Thanks to interest and fees, I’ve paid more for things than I care to admit, and thanks to easily available credit, I’ve racked up more debt than I was ever comfortable with.

Nowadays, happily, things are much less stressed. Yet it’s not just because I’ve left the bill paying to my better half, but more importantly because we’re now on the same page and gotten much more savvy about borrowing.

When it comes to the pitfalls of debt, there are generally two types of traps to avoid: paying way more for things than you ever intended to in the first place, and carrying so much debt that it drags too much on your finances. The more we dance around these, the more we get the chance to grow and actually get ahead.

How borrowing adds to your cost

I came home one day to find the television suddenly paid off. This was somewhat of a surprise – although it’s always a good feeling to pay things off – since there were many months still left on that interest-free HP agreement.

‘It was getting too hard to figure out whether they were going to charge us interest or not,’ my wife explained.

In the case of that television, what started as a typical HP had morphed into a credit card. That is, we thought we signed up for an HP, but got mailed a credit card. And it had a ‘generous’ credit limit to go with it, of course.

When we used the credit card for everyday expenses, intending to pay it off in full after each month (which is always a good way to avoid paying interest), it became hard to know how much was going to pay off the television and how much was going toward paying for the expenses.

Would we make it to pay the TV off in the interest-free period? It was hard to tell. If we had gone even slightly longer, we may have been on the hook for all those months of interest we were so keen to avoid paying!

There is always a cost to borrow, even for interest-free deals, which typically have set-up costs. So as soon as you decide to put something on credit, expect to add to the price tag, especially if you are going to pay it off over a number of months or years. Is it still a good deal?

Sorted’s debt calculator can help you calculate the true cost for credit cards, car loans, personal loans or HP.

So we got rid of it. The television payments, the credit card. But not the television.

When debt drags too much

Just to be clear, this is not a screed against taking out loans in general or paying for things on credit. Besides being darn convenient – you get the stuff now, you pay for it later – loans can help us move forward financially, especially when we’re borrowing for something that increases in value like a house, business or education.

But let’s keep in mind that credit limits are not our money. They’re really only how much we can borrow. Can you really see yourself paying all that back? If not, you may be in danger of overextending your finances – the second debt trap! – or taking on so much debt that it becomes a burden even to make just the minimum payment each month.

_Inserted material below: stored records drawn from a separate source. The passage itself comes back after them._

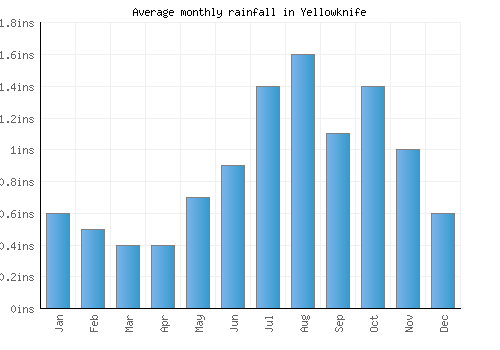 Yellowknife monthly rainfall chart (inches)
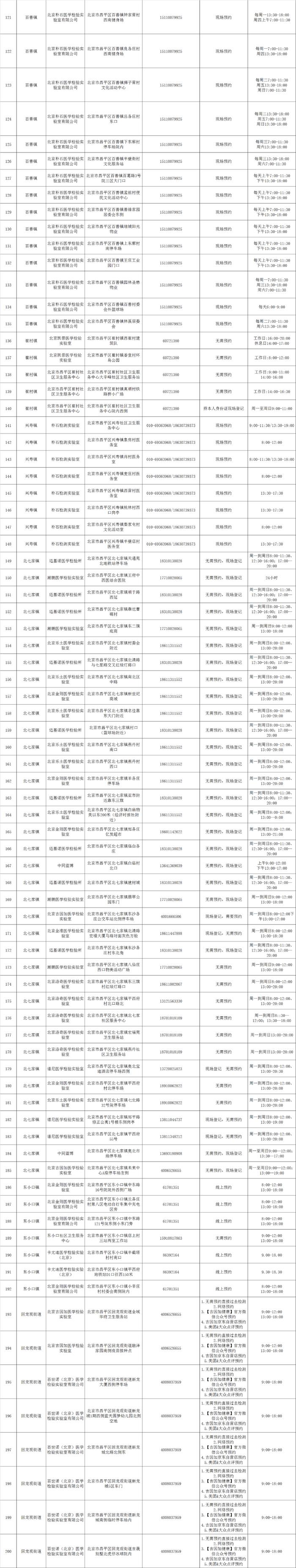 最新公布！北京13区常态化核酸采样点，请收藏！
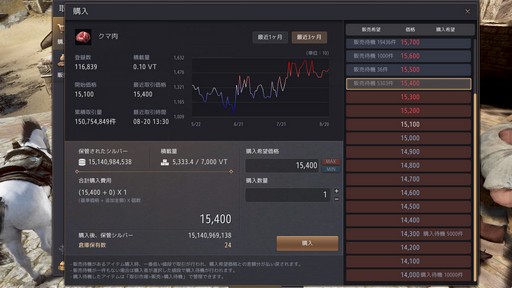 ���������꡼ No.005�Υ���ͥ������ / �ֹ��������פΡȼ����ɤ�Ȥ����ʤ��ƥ����ƥ�ȥ졼�ɤΥץ����ܻؤ���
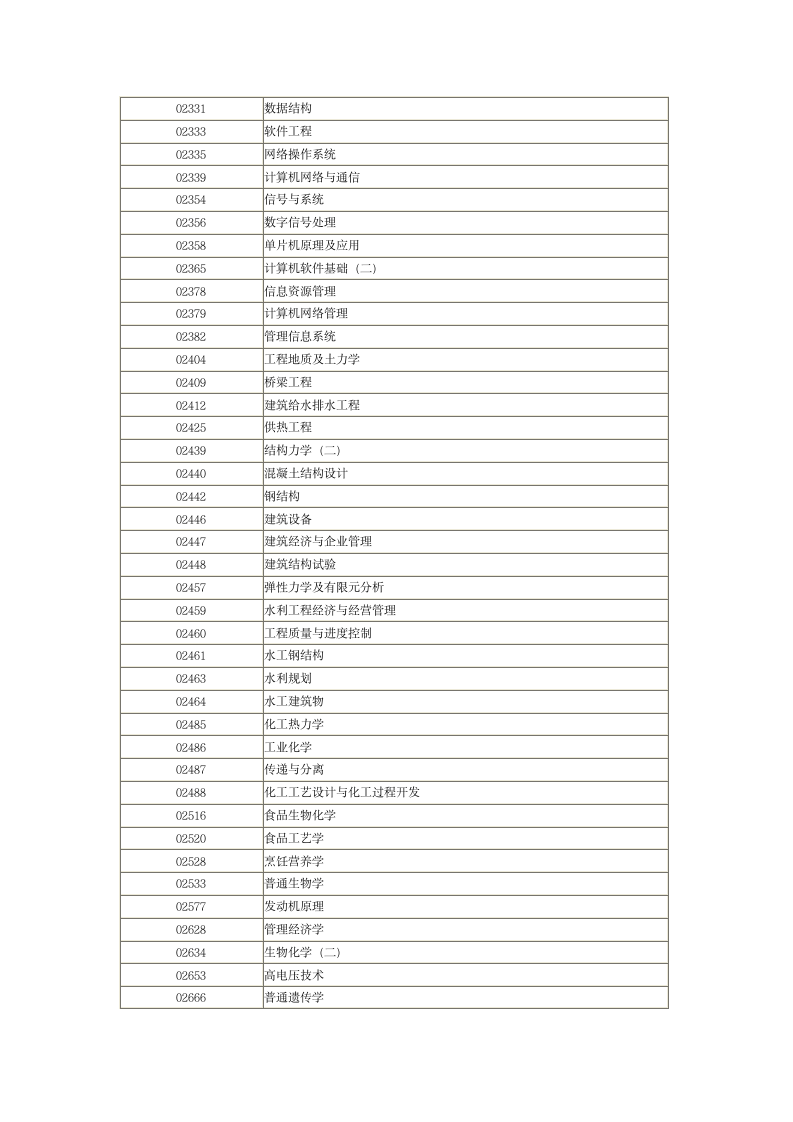 河南省自学考试过程性评价网加30分简介及科目一览表第8页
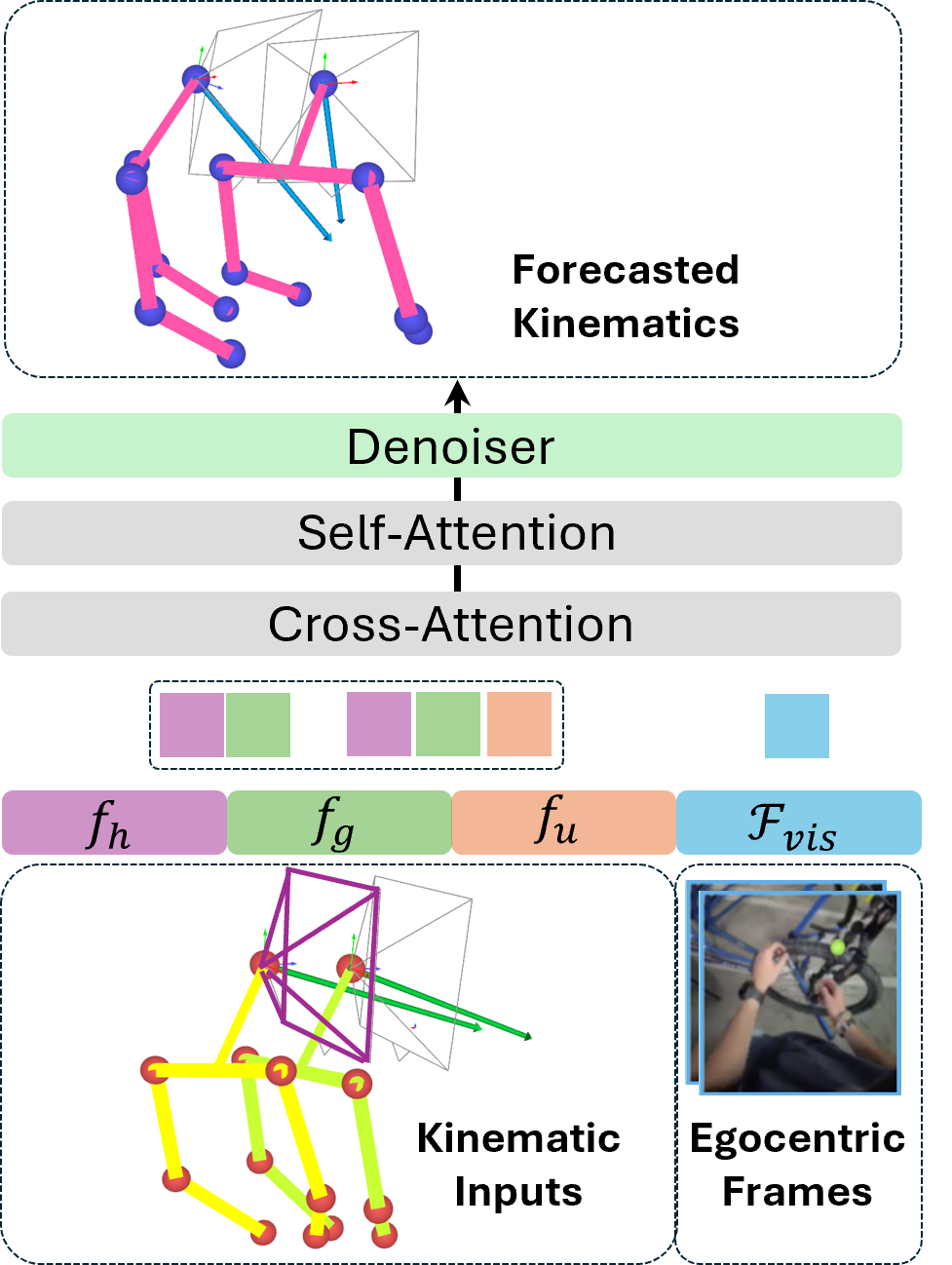 Figure 4: Multimodal diffusion model architecture.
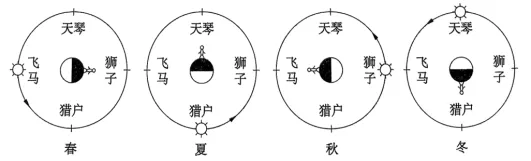冲刺提分真题练——考点06 地球的运动(原卷版) 第7张
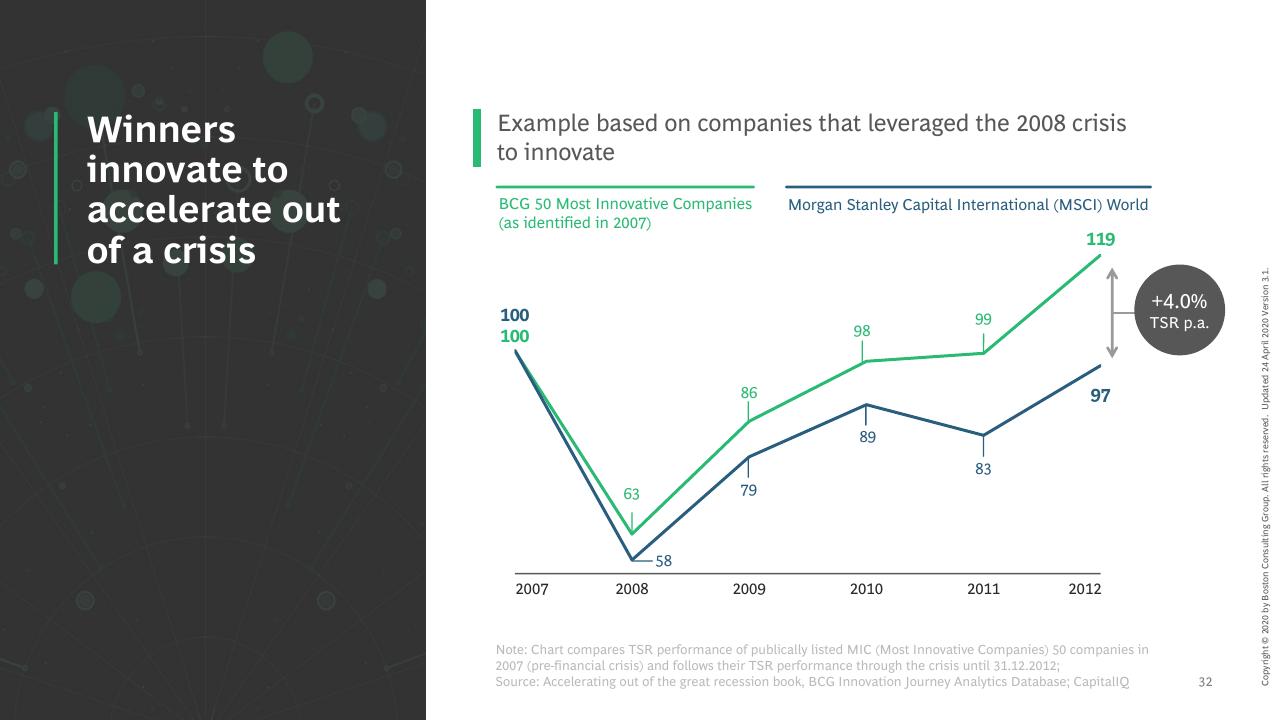 Chart slide 33 from Facts Scenarios And Actions For Leaders Publication 3 With A Focus On Emerging Stronger From The Crisis BCG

So much is sold on ‘teaser rates’ these days, which anchor our thinking to how much the payments will be each week instead of how much we’re borrowing in total. And that’s precisely what gets us into deeper waters than we planned on. Sure we can handle that minimum, but how long will it take to pay it all back? (Yet again, the debt calculator can help.)

Overcommitting doesn’t only happen to people who find themselves in credit card trouble; it applies to all of us with mortgages, too. With all the rumblings about rates rising over the next year, will family budgets get too tight? And how much is too much when you add to your mortgage for renovations, a new car or that trip overseas?

If you’re shopping for  a mortgage, try plugging into our mortgage repayment calculatorand key in higher rates of 8%, for example, to see where your repayments could be in the months to come. Hopefully you’ve got some room to spare to absorb any rises that come and stay within your comfort level.

So those are the two main types of debt traps from someone who’s had to dig himself out of a few: paying more than you ever wanted to, and carrying so much debt that it becomes too much of a burden for the budget.

Just dance around them and get ahead!